Mais, à la Maison d’Afrique, on ne se décourage pas : « Nous ne voulons pas dépendre, nous ne voulons pas d’assistanat ». Les idées aussi ne manquent pas pour s’en sortir : Pourquoi, par exemple, ne pas rassembler les sommes que touchent tous les mois les bénéficiaires du RMG pour leur octroyer une seule fois sous forme de micro-crédit et mettre fin ainsi à leur situation de dépendance ?, explique-t-on en substance. Il faudrait favoriser l’entrepreneuriat afin que les gens puissent prendre leur vie en main eux-mêmes.
Si l’intégration reste un terme ouvert à mille interprétations, à la Maison d’Afrique, on estime que c’est un processus à double sens : « Nous avons besoin d’un signe. Nous avons besoin qu’on nous encourage », souligne David Foka. Pour l’instant, hormis une convention avec le ministère de l’Éducation, qui permet de payer les professeurs des cours de langues, David Foka regrette un manque de soutien : « On voudrait exécuter des projets, mais sans une convention avec le ministère de l’Intégration, ce ne sera pas possible. » « On attend de nous que nous participions aux frais. Mais nos membres n’en ont pas les moyens », déplore le responsable de la maison. Et de poursuivre : « Nous ne sentons pas de volonté politique pour l’intégration ». Les 136 membres paient déjà 25 euros de cotisation, « ce qui est beaucoup pour quelqu’un qui touche le RMG ou qui ne touche rien du tout ».

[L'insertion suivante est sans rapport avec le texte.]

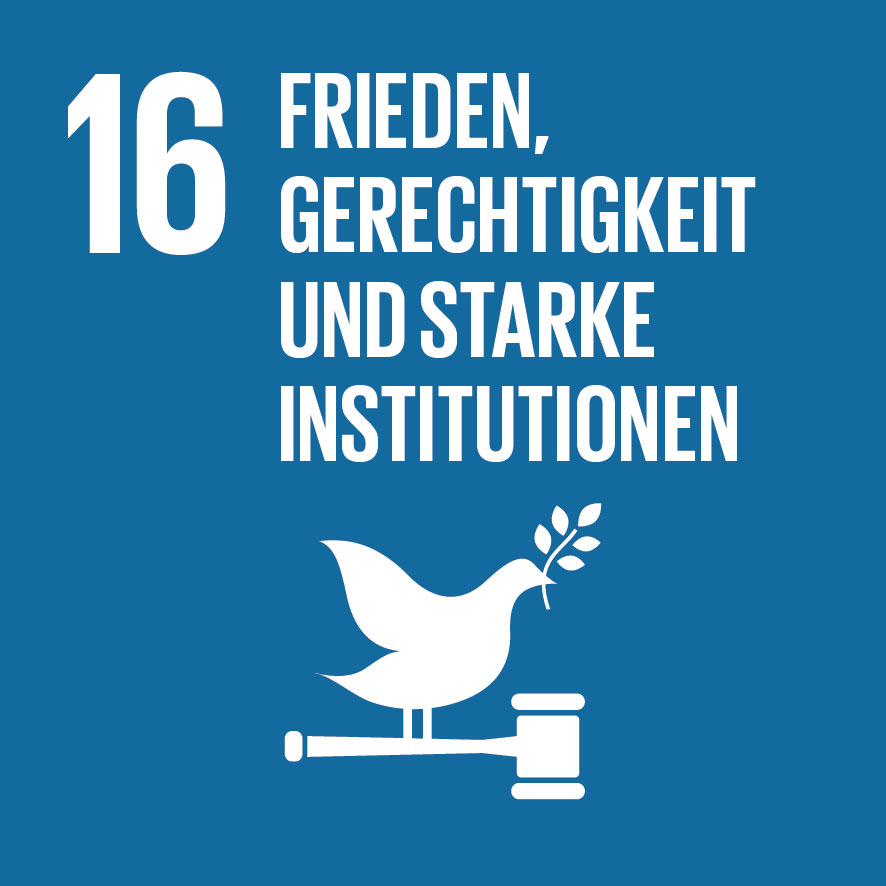 Logo SDG 16 Frieden, Gerechtigkeit und starke Institutionen: Friedenstaube mit Olivenzweig und Richterhammer; Ziele für nachhaltige Entwicklung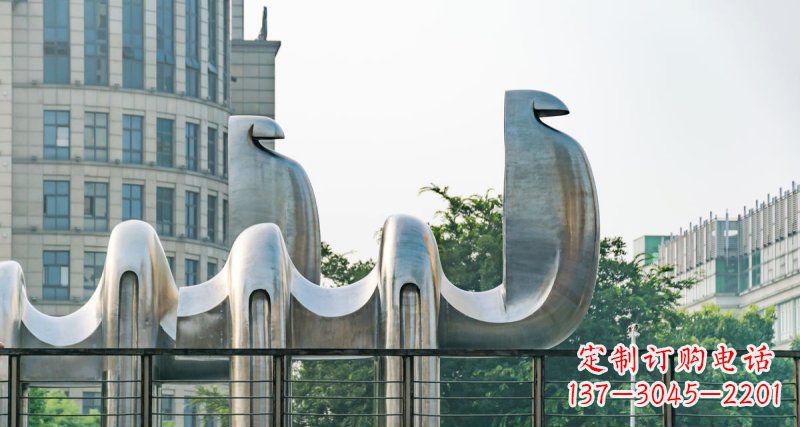 菏泽不锈钢抽象骆驼街边动物雕塑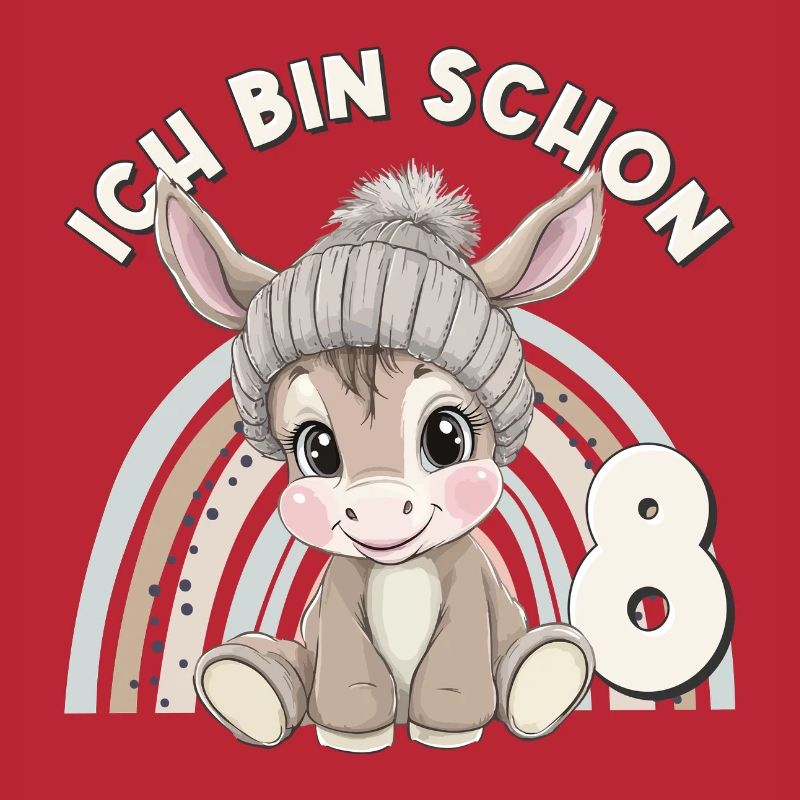 8. Geburtstag Esel Regenbogen Süß Niedlich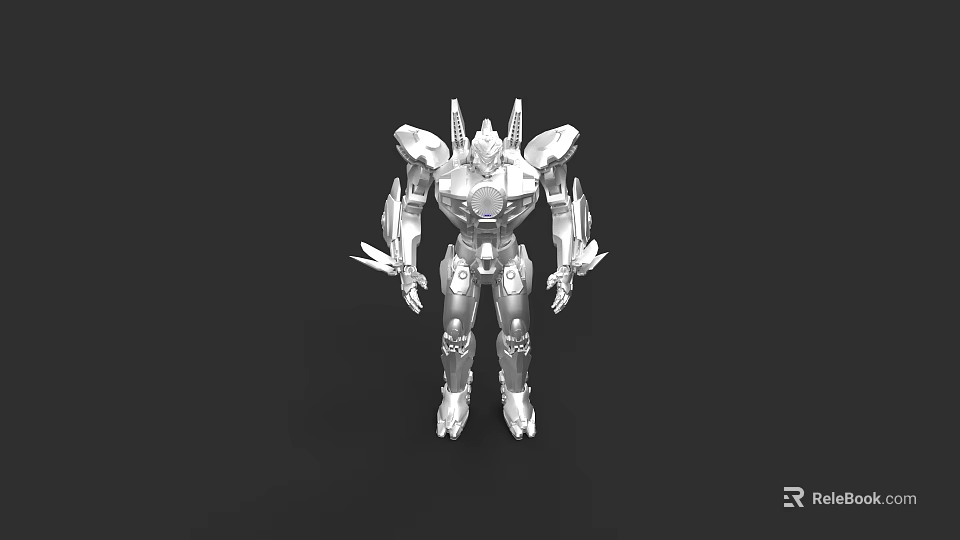 Futuristic Mech Robot Weapon With Silver Armor And Mechanical Armament Design 3d model 
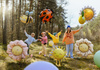 Balon foliowy Kwiatek, 104x104 cm, jasny beż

On utilise beaucoup le recours au bénévolat à la Maison d’Afrique : « Nous voulons créer l’attractivité du bénévolat », assure David Foka, qui ne semble jamais perdre son sourire : « Nous comptons que sur nous mêmes ». La stratégie de mobilisation et le « bouche-à-oreille » portent leurs fruits. À côté des familles luxembourgeoises pour assurer les cours, des juristes ont été recrutés à raison de deux heures de présence par semaine à la Maison de l’Afrique. « Le bénévolat, c’est du gagnant-gagnant », mais on a envie de dire que cela ne permet pas de manger.
S’il est vrai que le pullulement grandissant d’associations au Luxembourg empêche parfois d’y voir clair dans le monde associatif et que le Luxembourg, en bon État paternaliste, les supporte quasiment tous, on peut quand même se demander si l’intérêt de la raison d’État peut concorder avec la logique de la Maison d’Afrique ? Ici, « nous ne voulons pas de compote, nous voulons une salade de fruits », souligne son administrateur. « Nous voulons changer non seulement l’image de l’Afrique en Europe », mais aussi l’image que les Africains ont d’eux-mêmes, insiste-t-il.

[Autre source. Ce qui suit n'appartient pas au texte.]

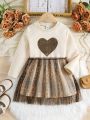 SHEIN Kids FANZEY Young Girl Heart Print Contrast Mesh Hem Sweatshirt Dress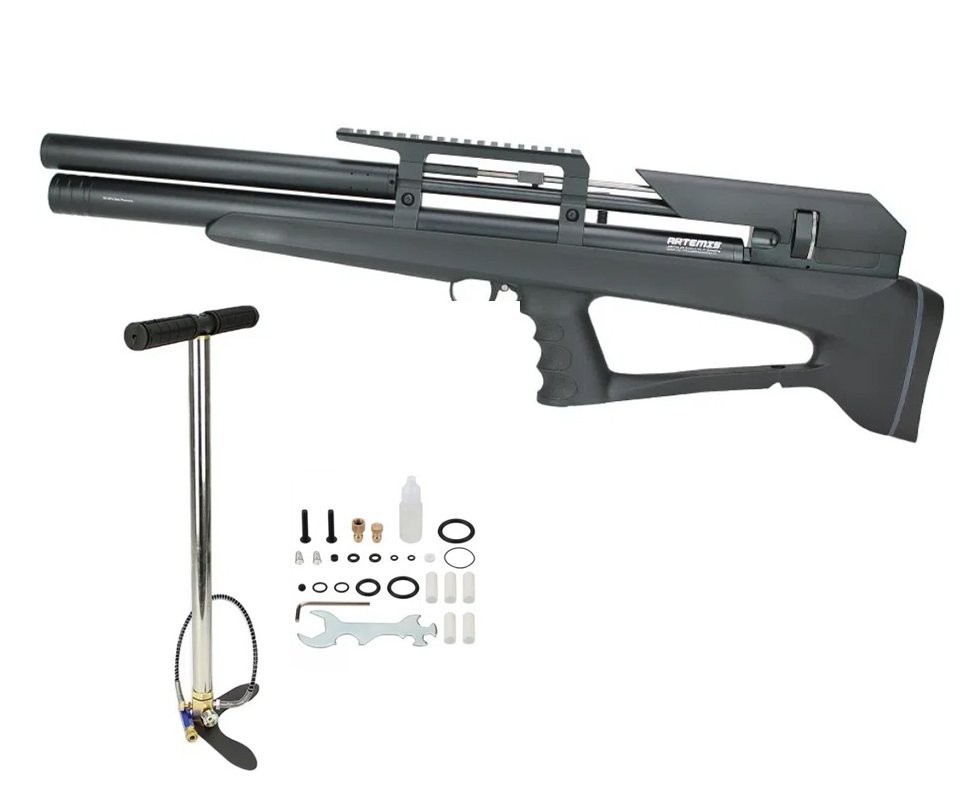 Carabina Pressão PCP P35 Artemis Bull PUP Blackened 5.5mm + Bomba PCP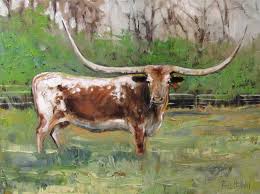 Longhorn Cow Oil Painting, Original Painting, Canvas Art ...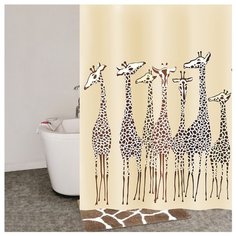 Штора для ванной IDDIS 570P18Ri11 180x200 бежевый/коричневый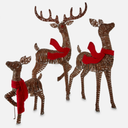 SET of 3 LIGHT UP RATTAN LOOK DEER FAMILY W/ 210 CHRISTMAS LIGHTS, Outdoor Decor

Les défis sont nombreux. Il s’agit surtout de ne plus accepter l’exclusion et la pauvreté. Il s’agit aussi de donner une chance à chacun, une vraie chance. « Il faut que les Africains trouvent eux aussi une place active et constructive dans la société luxembourgeoise » et il faut peut-être aussi que la société leur donne une chance d’y parvenir. « Il ne s’agit pas de faire de la victimisation », corrige David Foka.
Il est sans doute trop tôt pour évaluer l’engagement pris par la Maison. Son projet est ambitieux.